The facts were described by the Tribunal as follows:

This unhappy tale begins with the lodgement of Business Activity Statements (“BAS”) in respect of the periods 1 July 2010 to 31 July 2010 and 1 August 2010 to 31 August 2010. Both forms were lodged electronically. The first claimed sales of $11,098 in the period which attracted GST of $1,009 – but also recorded purchases of over $123,000, which resulted in a claim for input tax credits. After adjustments to take into account other monies the taxpayer owed to the Commissioner, a refund in the amount of $9,695 was paid into an account held in the name of a third party. The Commissioner says the third party account was nominated by the taxpayer over the phone. The second BAS also recorded an excess of purchases over sales and a fuel tax credit leading to a total refund of $8,791 after adjustments. That refund was paid into an account in the name of a different third party whose identity was also supplied to the Commissioner over the phone.

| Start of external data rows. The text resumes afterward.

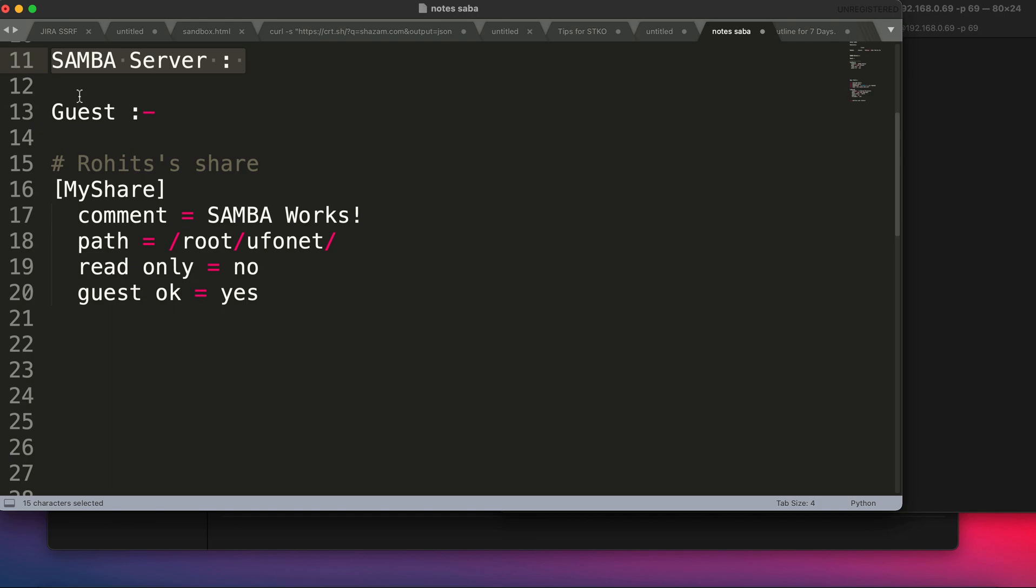The second that we're going to see is specific to a user, so that will be access control, which means only a user X or a user Rohit can only access your Samba server, see the file, download the file, or modify the file. Let's see the first one, which is creating a guest Samba server.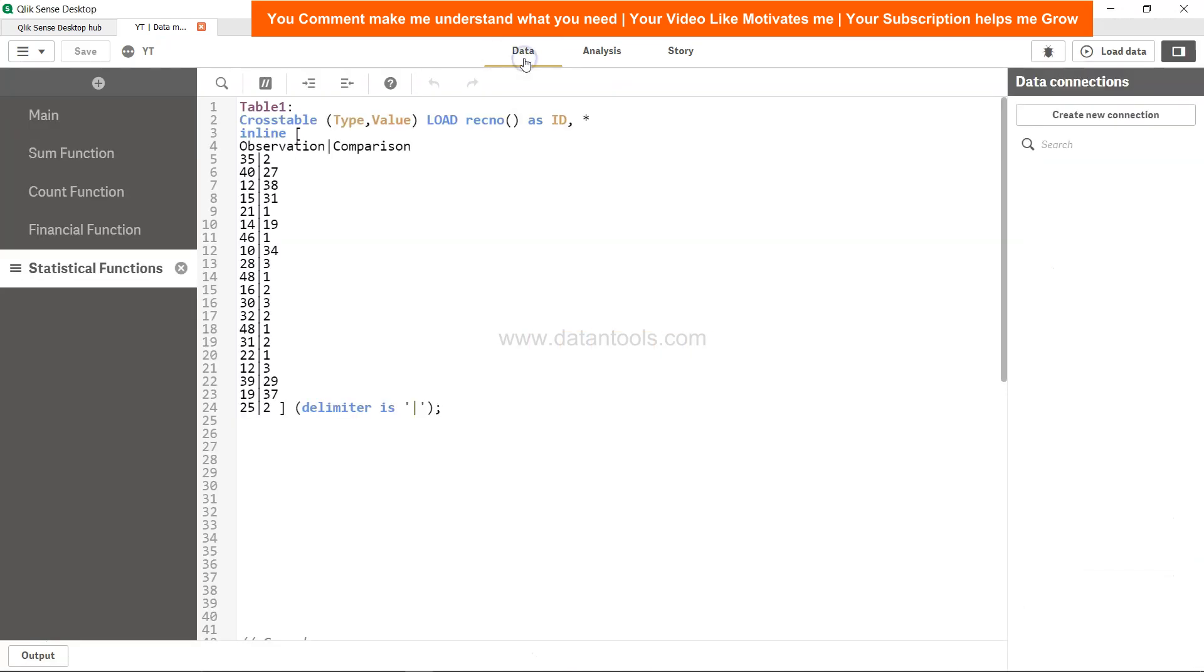For this, I have a simple dataset where we have observation and comparison. These are covered under type since it's a cross table, and value is this entire value. We want to understand the skewness in both observation and comparison.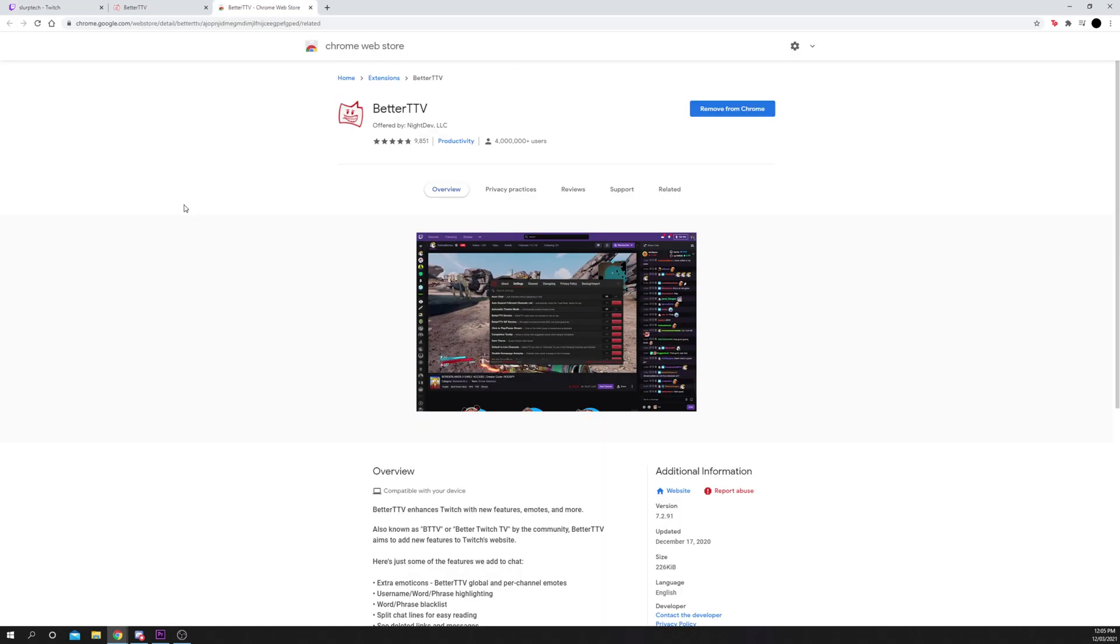The BetterTTV Chrome extension can be used to automatically claim channel chests while giving you access to more Twitch emotes. You can install BTTV from the Google Chrome store.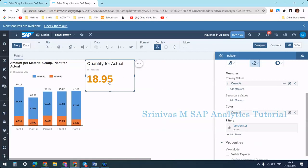So like this you can apply coloring to your numeric pointer tile. I hope it is clear. This is how to create a numeric pointer chart. In our next session we will see how to add the secondary index as well.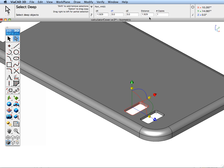And note the data entry window updates with the distance and the number of copies that we want. Let's change our distance to 2 and let's change the number of copies to 3.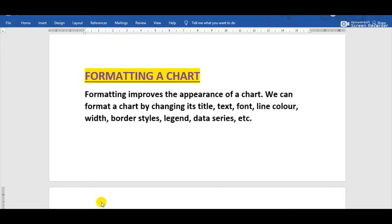Hello class 8th. This is the second part of chapter 3, that is charts in Excel. Through this video I will explain how we can format a chart. The topic is formatting a chart.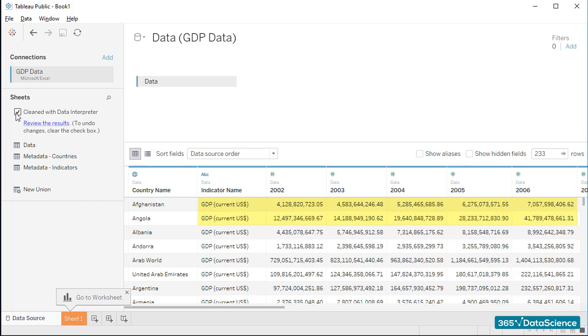In our next video, we'll open our first Tableau worksheet, and I'll be happy to introduce you to its structure. This will do for now. Thanks for watching.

The Commissioner subsequently conducted an audit of the taxpayer’s business, only to find there wasn’t one. The taxpayer says he had not conducted a business for some time, and denied ever lodging a BAS in July or August 2010. He says he did not supply the names of the third party bank accounts or receive the money that was refunded. He claims he is mystified as to how the payments came to be made. He says he has been the victim of identity fraud, and thinks the Commissioner has been taken in by a fraudster as a result of shortcomings in internal processes. The taxpayer says the Commissioner should pursue the fraudsters rather than taking the easy option of attempting to recover the monies from the taxpayer.

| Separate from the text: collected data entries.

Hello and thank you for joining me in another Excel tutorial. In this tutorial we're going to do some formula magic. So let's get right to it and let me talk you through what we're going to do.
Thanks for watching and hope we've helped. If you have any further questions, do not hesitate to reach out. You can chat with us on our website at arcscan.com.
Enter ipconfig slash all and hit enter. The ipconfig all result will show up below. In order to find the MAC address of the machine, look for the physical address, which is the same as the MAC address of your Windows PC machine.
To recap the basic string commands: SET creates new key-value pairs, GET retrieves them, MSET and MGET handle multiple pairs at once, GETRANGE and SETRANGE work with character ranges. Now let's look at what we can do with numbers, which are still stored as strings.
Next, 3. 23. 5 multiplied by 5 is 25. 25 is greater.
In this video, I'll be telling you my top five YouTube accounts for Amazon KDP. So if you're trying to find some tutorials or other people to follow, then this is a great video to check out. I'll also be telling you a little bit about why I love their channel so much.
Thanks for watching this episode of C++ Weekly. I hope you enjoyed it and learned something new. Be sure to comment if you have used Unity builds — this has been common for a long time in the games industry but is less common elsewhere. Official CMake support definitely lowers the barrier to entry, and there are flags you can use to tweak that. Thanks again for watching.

On the question of jurisdiction, a person who is “dissatisfied” with a reviewable objection decision may apply to the Tribunal for review of the decision: s 14ZZ(1)(a)(i) of the TAA. The Commissioner referred to the decision of the Full Court in CTC Resources NL v Federal Commissioner of Taxation [1994] FCA 947 where it was concluded that it was not enough for the taxpayer to be curious about the outcome of an appeal if the absence of a favourable result would have no legal consequences for the taxpayer. The Commissioner contended that the objection decision concluded that the applicant was not entitled to claim the input tax credits at issue and the applicant agrees with this – therefore, there was really nothing left for the Tribunal to do as the review would produce no legal consequences for the applicant.

The Tribunal did not agree, noting that while the applicant did not dispute the reasoning in the objection decision, he disputes the factual premise on which the reasoning and the ultimate conclusion were based – namely, that he had sought credits in a BAS in the first place. He was therefore “dissatisfied” with the objection decision and a review of that decision necessarily extends to its factual basis, which may extend to the disputed allegation that the taxpayer never claimed the credits in the first place.